I have read a lot about ospreys and one fact is quite startling. Sometimes, when the osprey dives for a fish, it miscalculates the size and, if the fish is too large, the fish will pull the osprey under and carry it along. The osprey, of course, drowns. Sometimes fishermen will later catch the fish with the osprey talons still embedded.
I find this to be quite amazing and it makes me marvel on the often perilous nature of living.

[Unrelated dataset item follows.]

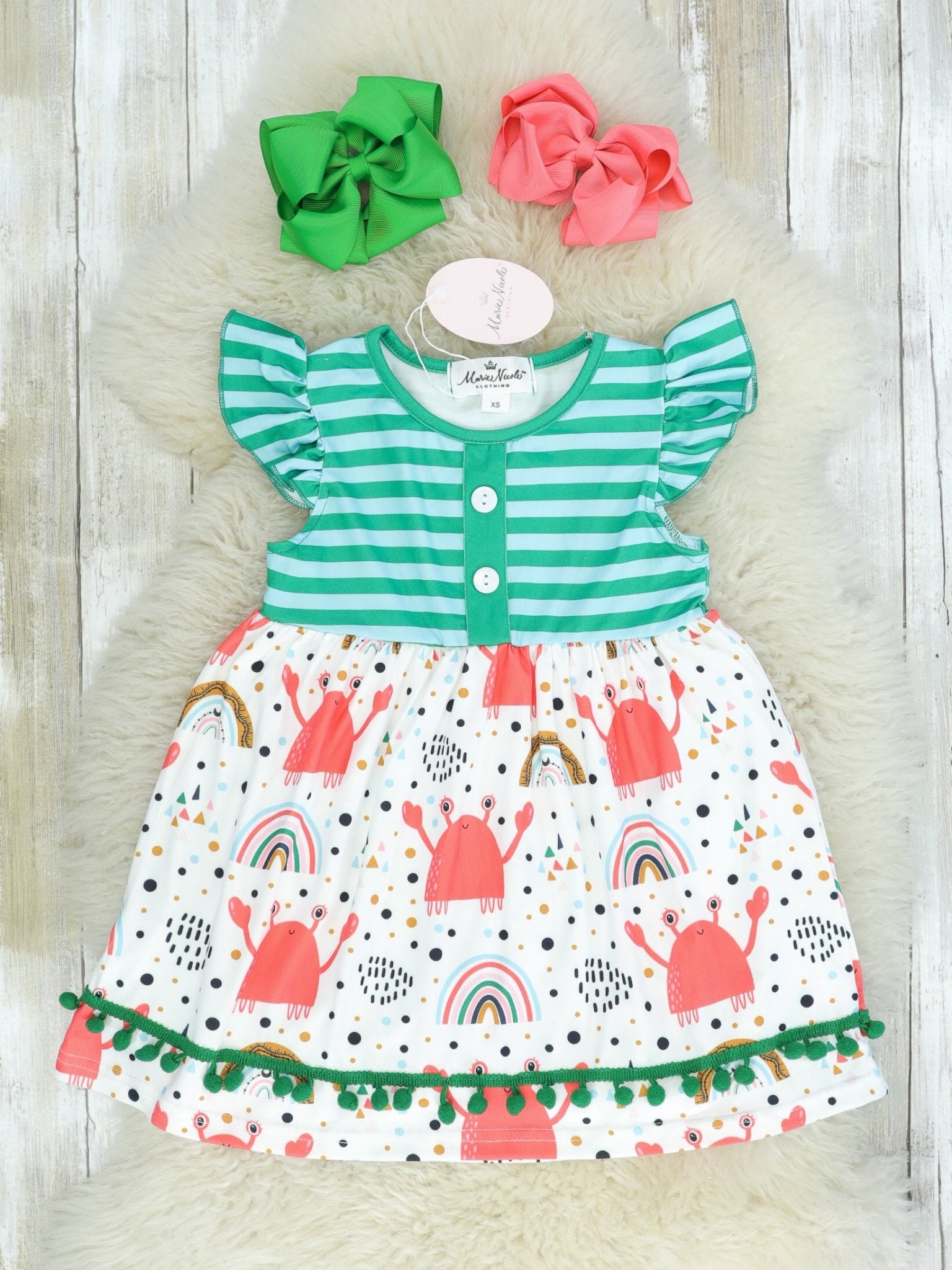 Rainbow & Crab Ruffle Dress - Marie Nicole Clothing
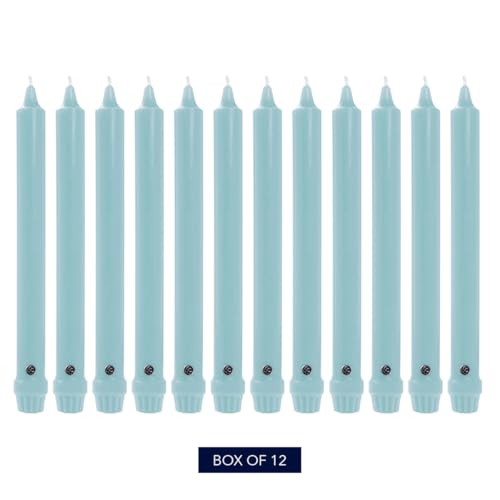 Image of Colonial Candle Unscented Taper Candle, Classic Collection, Coastal Blue, 10 in, Pack of 12 - Up to 8 Hours Burn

In any case, here is a poem I wrote about the osprey, a somewhat dark poem since we had just moved to this townhouse community and nature seemed less than wild, trimmed as it was, to the very core of its existence. Being on the water is nice, but even our inlet is man-made. We like our nature a little wilder and we often drive to wilderness areas to get our fix of wild nature. But the ospreys hunting near our home have totally saved us year after year. In any case, the juxtaposition of wild nature (osprey) vs. humans editing wild nature in our complex, is what prompted this poem.
The Osprey
We tamed the world, I know.
It needed to be done, because…
well, there must have been a reason.
It frightened us, perhaps.
December comes in with mild air,
soft breezes over a captured inlet
of still water.
Somebody rolled the sun in gauze,
its fire muted; a clever bit
of engineering.
Sit quietly, listen:
machines hum behind the scenes
keeping it all in place.
Twilight descends across the inlet.
A lamppost’s gentle glow
unfurls over shadowed depths.
An osprey perched on the post
beats its wings powerfully,
then plunges toward the water’s surface--
there are no screams
while the world shatters in unstrung fragments.